Your goal →
Find the line that holds "semesti teluk intan", then repeat it and each line below it word for word through the end of the listing, leaving out pictures.

Dataset entries →

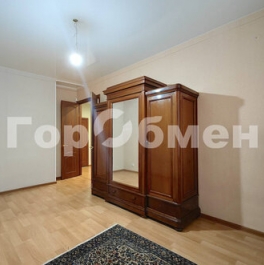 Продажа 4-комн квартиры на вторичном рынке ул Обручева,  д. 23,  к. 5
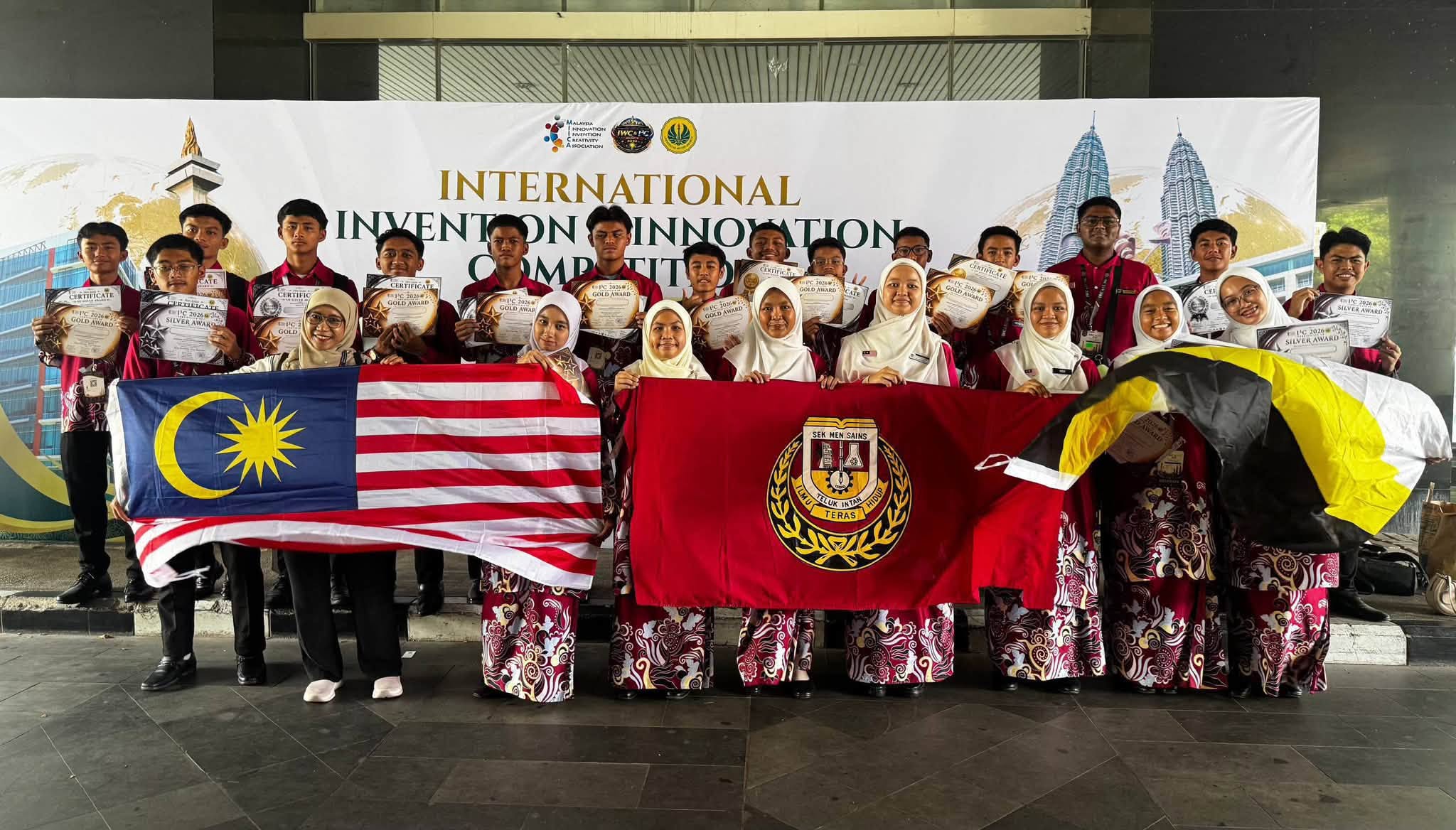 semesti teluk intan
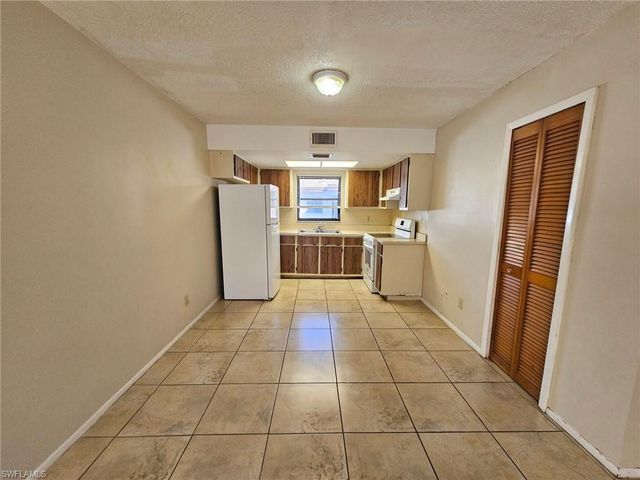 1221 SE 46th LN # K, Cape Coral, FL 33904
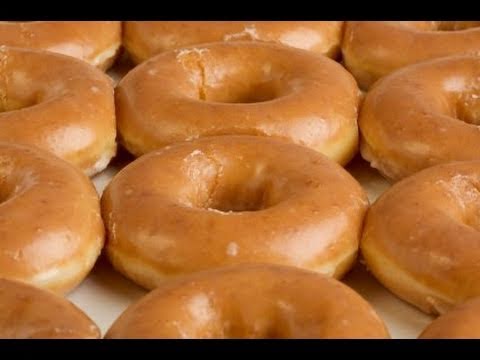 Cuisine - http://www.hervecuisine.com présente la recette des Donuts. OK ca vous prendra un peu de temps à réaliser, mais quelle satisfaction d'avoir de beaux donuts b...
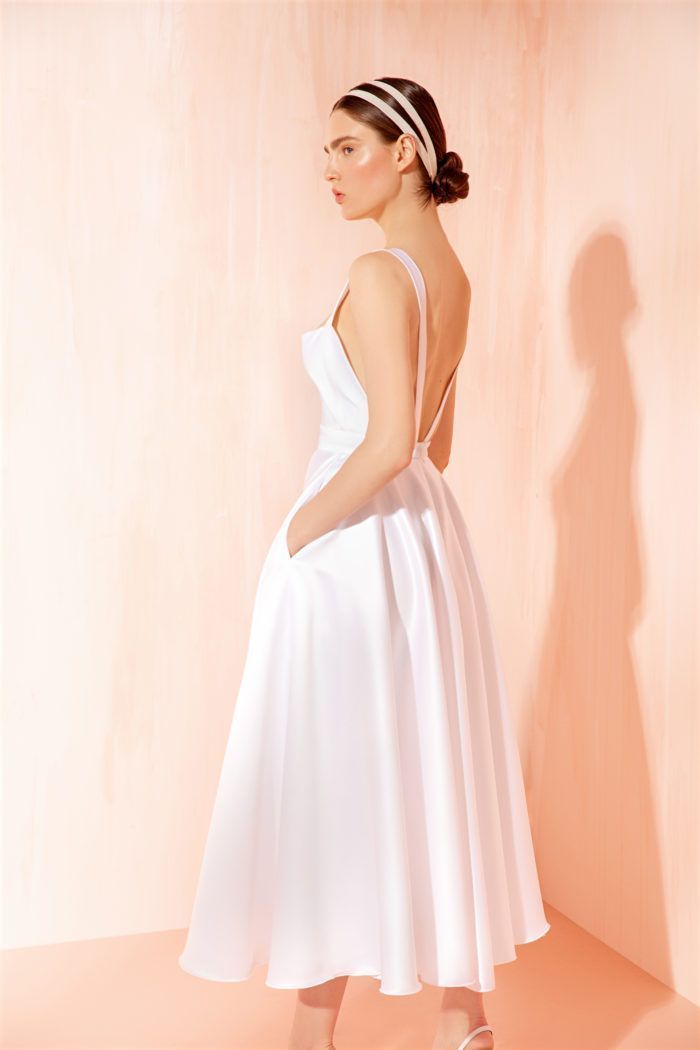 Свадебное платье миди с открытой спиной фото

Response area →
 semesti teluk intan
 1221 SE 46th LN # K, Cape Coral, FL 33904
 Cuisine - http://www.hervecuisine.com présente la recette des Donuts. OK ca vous prendra un peu de temps à réaliser, mais quelle satisfaction d'avoir de beaux donuts b...
 Свадебное платье миди с открытой спиной фото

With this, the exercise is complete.